Joni’s older brothers adore her, and for the most part have adapted quite well. They entertain her, talk to her, sing to her, and generally lavish her with attention. That’s not to say we haven’t had some difficult times – jealousy, rivalry, sadness, anger – but we have tried to approach these times with patience, love and open hearts. And when we couldn’t quite muster the patience, we have offered heartfelt apologies, hugs, and a promise to do better tomorrow.
My husband and I have so far muddled through, as we slowly work out the logistics of becoming a family of 5.
And Joni, well she has been a beautiful blessing. She has just fit right in, and generally handles the chaos without batting an eyelid. She adores her brothers and accepts their constant hugs and kisses and squeezes with the patience of a saint (she must get that from her father).
She has brought a lot of healing to my life, even whilst still growing inside me. And she brought me closer than ever to my beautiful baby sister who is no longer with us.
I wrote this reflection when she was just a few days old…
My darling daughter, Joni Simone, I feel like I have been waiting so long to finally meet you.
We didn’t find out the sex of any of our children, but I have always deeply longed for a daughter. Recently I was able to really understand the truth of this longing.
When I was three years old my precious baby sister, Brenda Simone, passed away. She was only with us a few short months, but I loved her, I doted on her, I mothered her. I had two older sisters, but Brenda was my first younger sibling. My first experience being a ‘mum’.

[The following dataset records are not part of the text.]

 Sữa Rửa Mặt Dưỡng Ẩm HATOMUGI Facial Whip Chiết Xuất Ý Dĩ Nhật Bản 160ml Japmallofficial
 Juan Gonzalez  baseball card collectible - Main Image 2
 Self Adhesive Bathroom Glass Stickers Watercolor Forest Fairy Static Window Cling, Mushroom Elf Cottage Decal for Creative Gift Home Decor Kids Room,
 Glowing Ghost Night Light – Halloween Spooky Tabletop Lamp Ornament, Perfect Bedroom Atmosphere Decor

I have carried the pain of her loss with me for many years, never really knowing how deep that hurt was.
During this pregnancy the longing and desire I had for a daughter was so strong, I felt I had to explore the reasons why.
I delved deep inside myself and worked through the feelings of grief that have been buried for so many years, the feelings I didn’t even know were there. I became fully aware of why I wanted a daughter so much. I became aware of what I felt and what I lost as a little 3 year old girl; and I was able to process those feelings. I accepted that I may not have a daughter, and that was ok.

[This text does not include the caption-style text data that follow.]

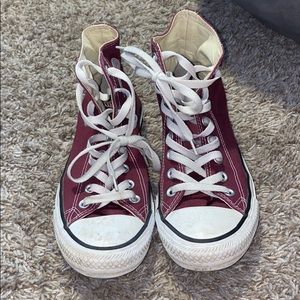 Maroon high top converse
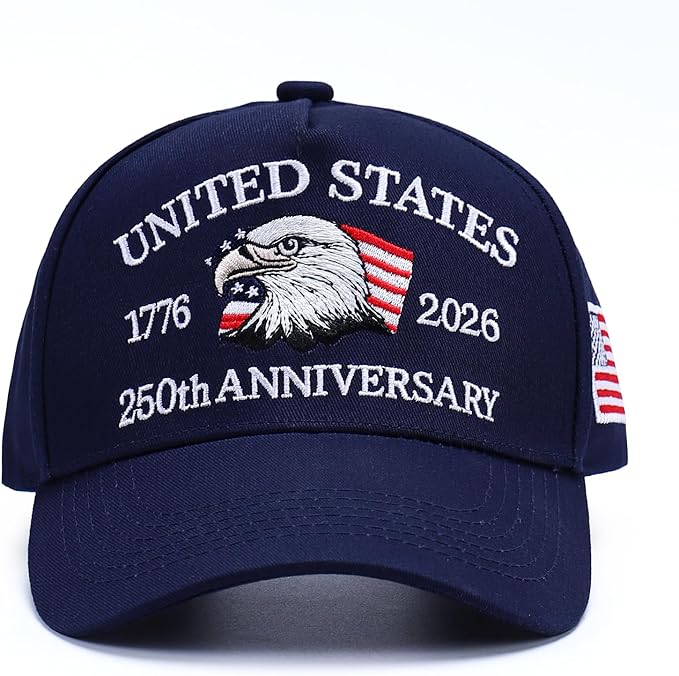 250th Anniversary Patriotic Baseball Cap (1776-2026) Embroidered USA Hat, Adjustable Unisex Bicentennial Gift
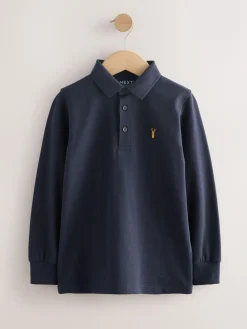 Next Navy Long Sleeve Polo Shirt (3-16yrs)^BOY Tops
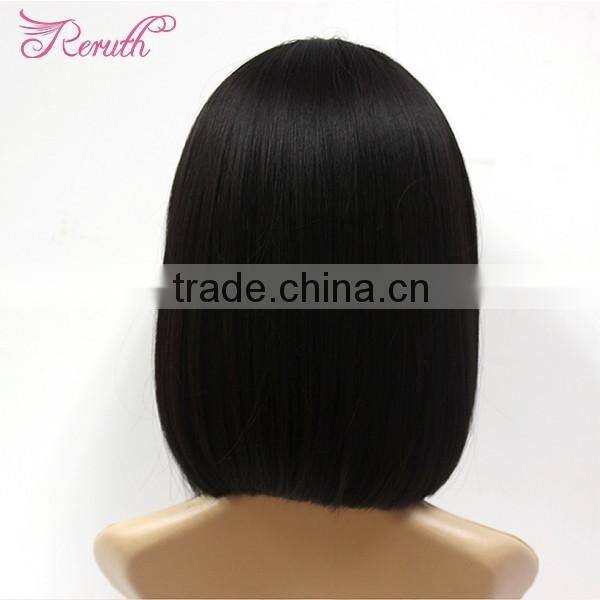 Fashion black short bob style cheap full lace human hair wig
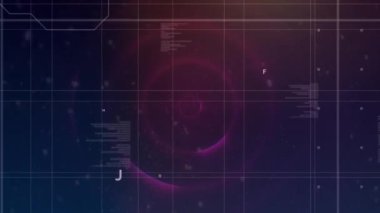 Donanma ve kırmızı arka planda dairelerle veri işleme animasyonu. Şekiller, hareket ve dijital alan konsepti dijital olarak oluşturulmuş video.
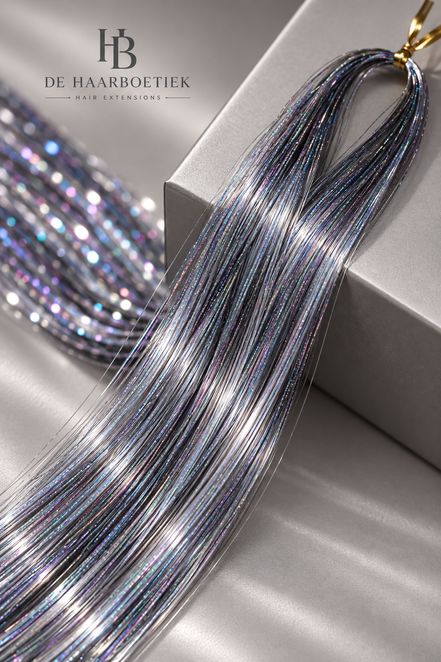 Hair Tinsel Gray grijs holografisch 120 cm De HaarBoetiek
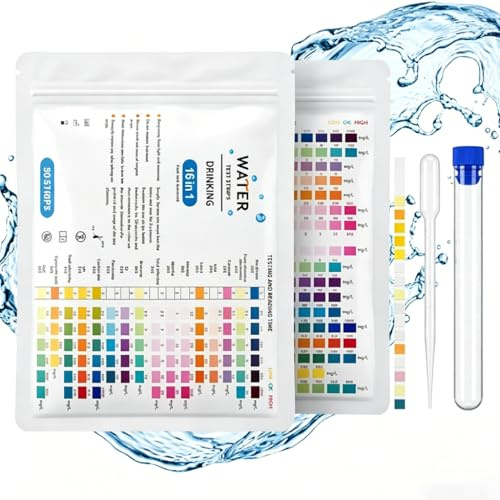 Maptrees 50 Stück 16 in 1 Wassertester Trinkwasser Teststreifen für Wasserhärte pH Blei Eisen Kupfer Nitrat Schnelltest für Leitungswasser Brunnenwasser Aquarium Pool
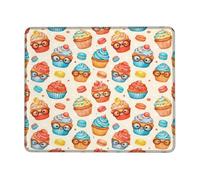 Cupcake Small Mouse Pad, Playful Fanciful Cake Glasses None Pastel Blue Square Rubber Smooth Stitched Edge Cloth Mousepad Accessories for Office Home Computer Laptop Square 8x10 Inch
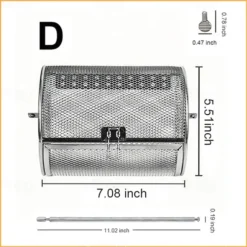 Stainless Steel Rotating Grill, 360-Degree Rotisserie for Even Cooking, Multifunctional Oven and Air Fryer Compatible, Easy to Clean BBQ and Party Essential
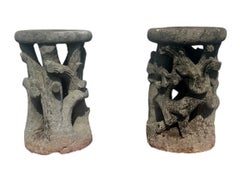 Early 20th Century Italian Faux Boise Carved Stone Garden Stool with Snake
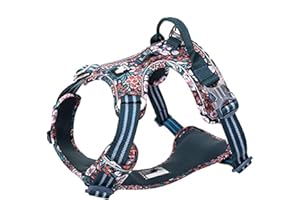 WINHYEPET Truelove No-Pull Harnais pour Chien, Tissu en Coton Respirant et Réfléchissant Doux Ajustable pour Courir Marcher, aux Petits Moyens Grands Chats Chiens TLH5655, Navy Blazer, Taille M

But the moment I met Joni, I felt like I had always known she was going to come to me. And now she is here, its like she has always been here.
There is only one thing I have ever been sure of in my life, something I have known for as long as I can remember, and that is to be a Mum.
I feel truly blessed for the beautiful children who have chosen me as their mum. And I am absolutely besotted with our precious daughter Joni Simone.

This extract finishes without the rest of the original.